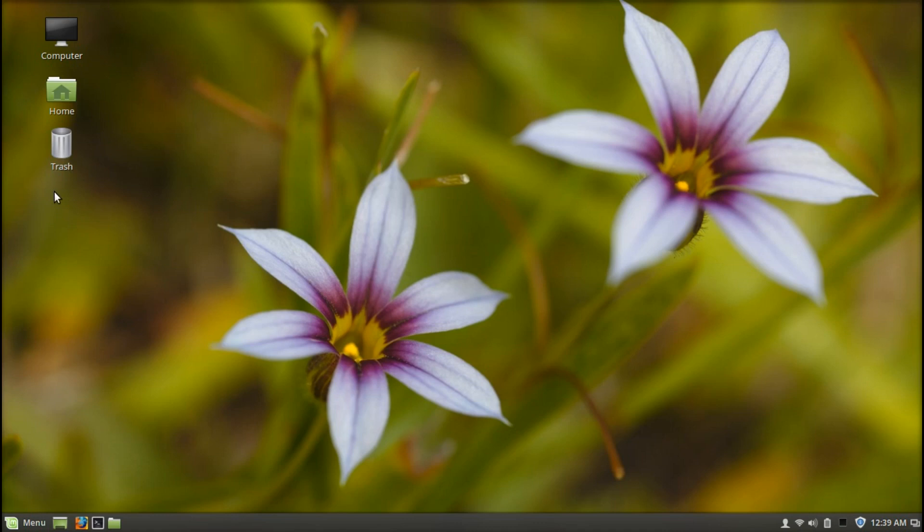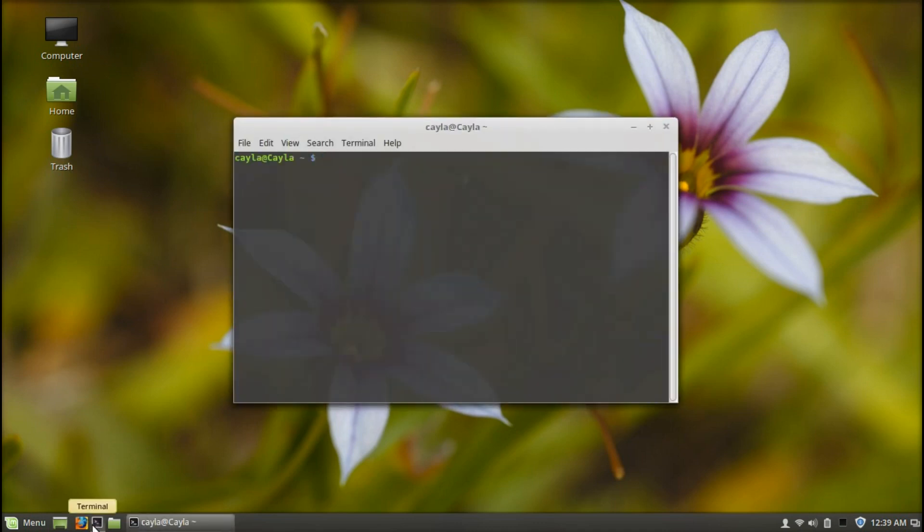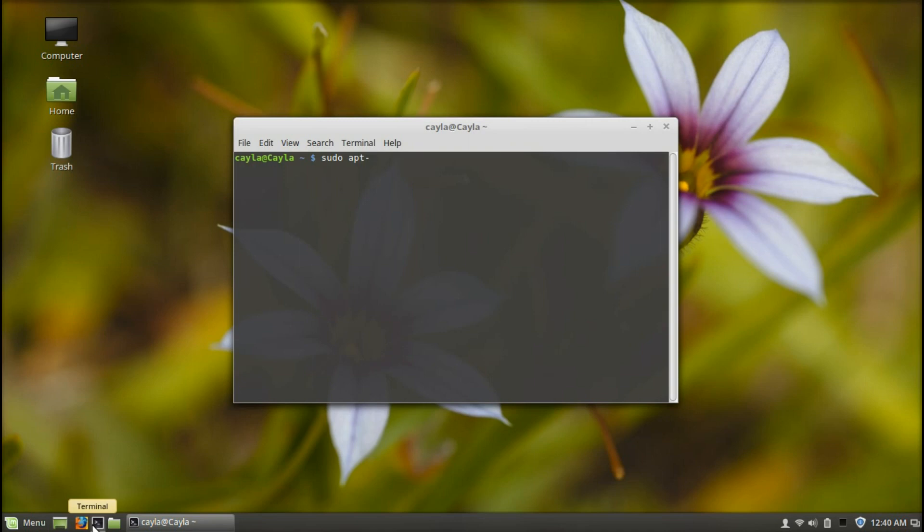The first thing you're going to do is open Terminal. Now you're going to type sudo apt-get install tuxpaint.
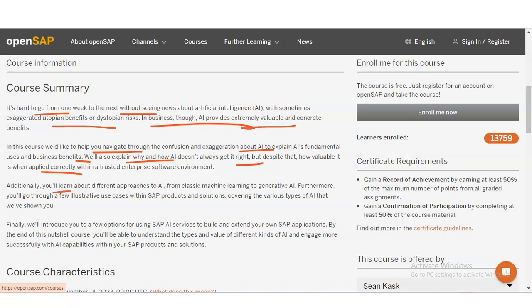Additionally, you will learn about different approaches to AI, from classic machine learning to generative AI. Furthermore, you will go through a few illustrative use cases within SAP products and solutions which cover the various types of AI shown in this course.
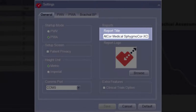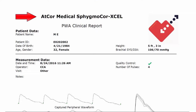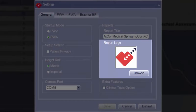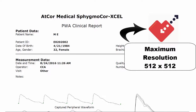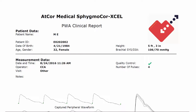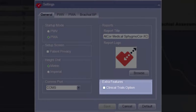Under the Reports section, the report title can be customized for printed patient reports. The title can be a maximum of 39 characters, including spaces. The Report Logo option allows for a customized logo to be placed on the top of printed reports. The maximum resolution for the logo is 512 by 512 pixels; however, any larger size logos will automatically be scaled down.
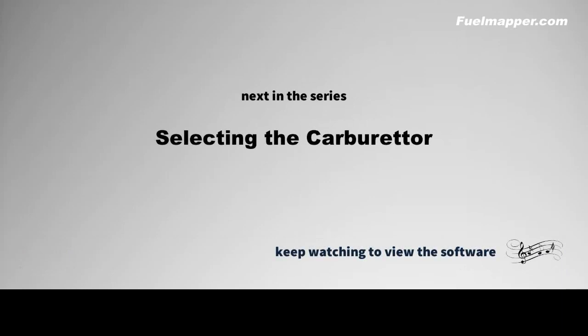Next up, we look at carburetor selection. Keep watching to view the software.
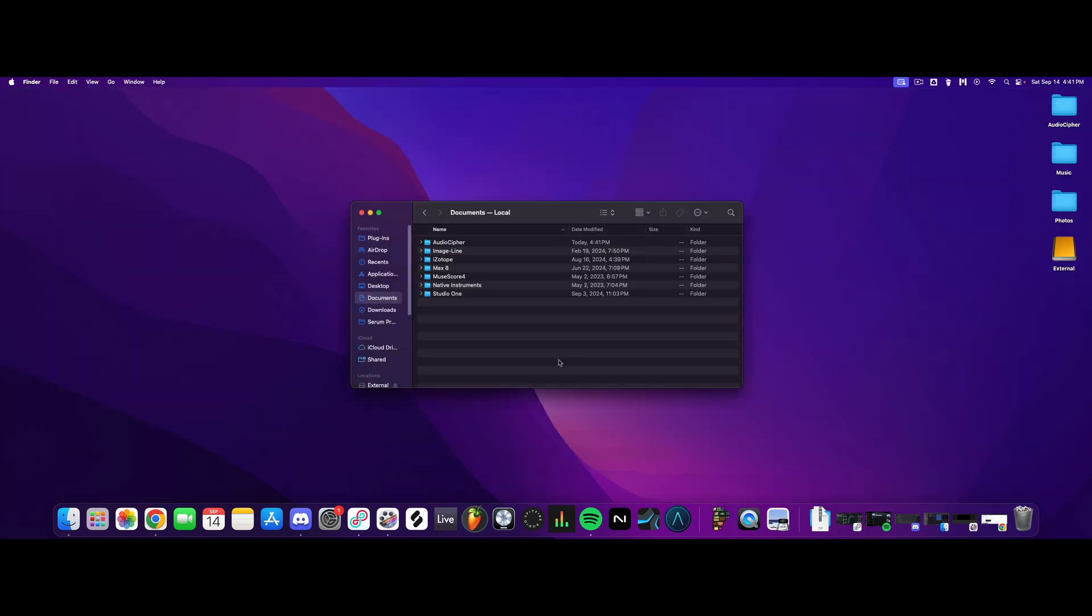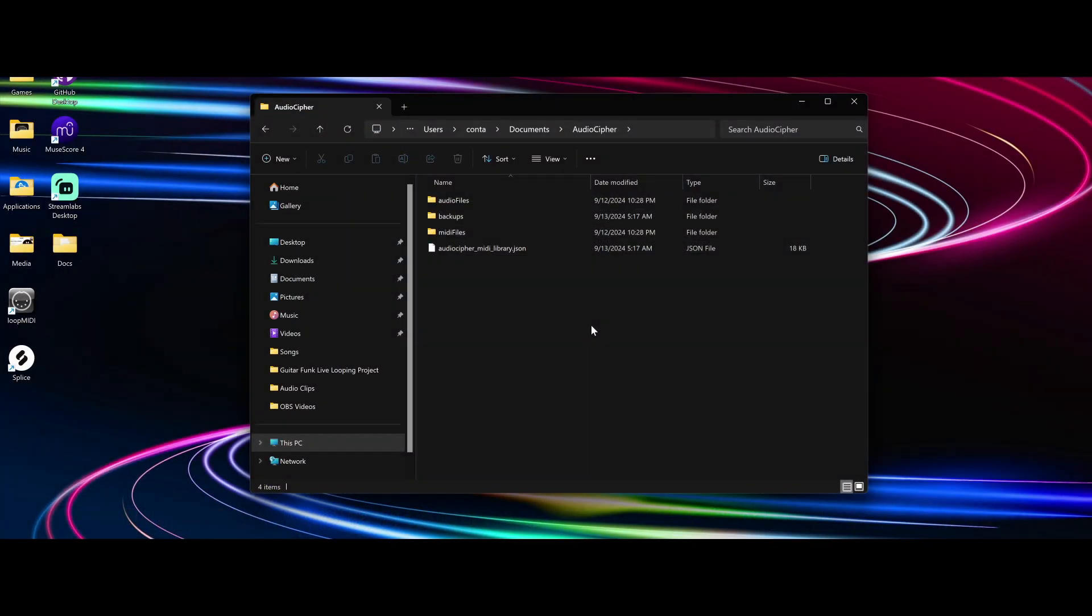Next, you'll need to locate the AudioCypher folder in your Documents. It's the same on Windows where you'll find the AudioCypher folder located in your User Documents.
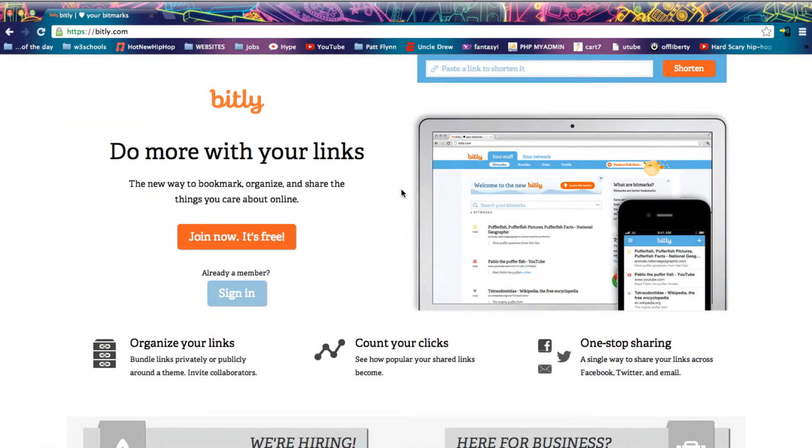Hello and welcome to the HowToGenie. Today we're going to learn how to shorten a URL link in a matter of a few seconds.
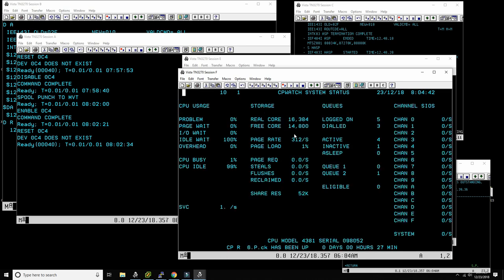So we got it done: MVT is now defined, and we have OSVS1, DOS-VS, MVS-TK4, and MVT all able to run — potentially at the same time — on this cloud VM370 mainframe.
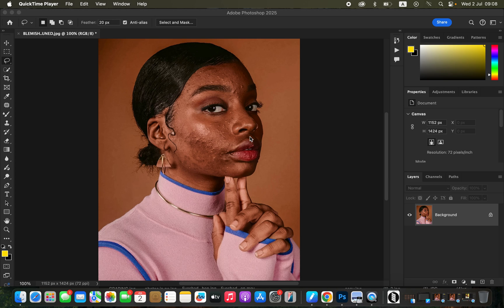Hello, in this video I'll show you how to smooth skin in Photoshop using frequency separation in about 10 minutes.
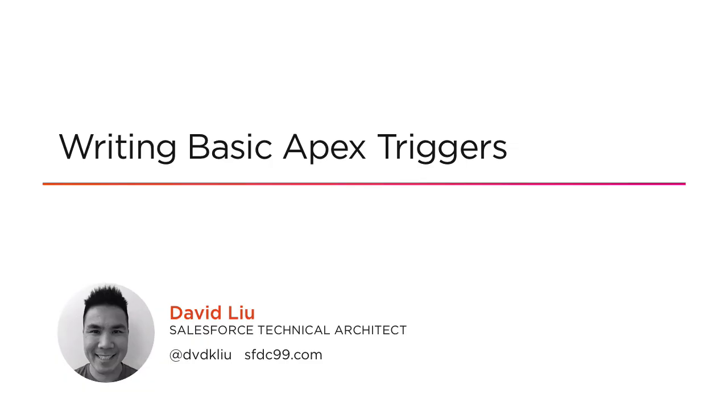Ladies and gentlemen, welcome back to the Apex Academy. I'm David Lu, your loyal host and teacher, and I am very excited right now because this module is going to be a good one.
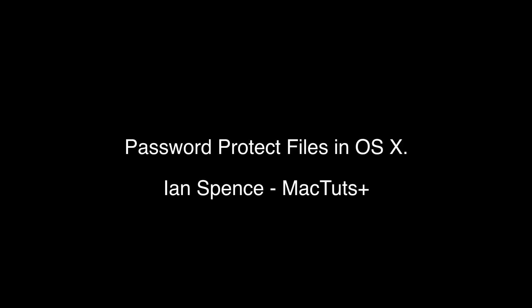Hi there, my name is Ian Spence from MacTuts Plus. In this video we are going to look at some of the ways that you can password protect your private files on your Mac.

◆ Problem statement
Among the entries above, copy exactly the stretch from the line holding "Next up, we" through the line holding "Ladies and gentlemen, welcome", leaving out any pictures.

◆ Exercise output
Next up, we look at carburetor selection. Keep watching to view the software.
Next, you'll need to locate the AudioCypher folder in your Documents. It's the same on Windows where you'll find the AudioCypher folder located in your User Documents.
Hello and welcome to the HowToGenie. Today we're going to learn how to shorten a URL link in a matter of a few seconds.
So we got it done: MVT is now defined, and we have OSVS1, DOS-VS, MVS-TK4, and MVT all able to run — potentially at the same time — on this cloud VM370 mainframe.
Hello, in this video I'll show you how to smooth skin in Photoshop using frequency separation in about 10 minutes.
Ladies and gentlemen, welcome back to the Apex Academy. I'm David Lu, your loyal host and teacher, and I am very excited right now because this module is going to be a good one.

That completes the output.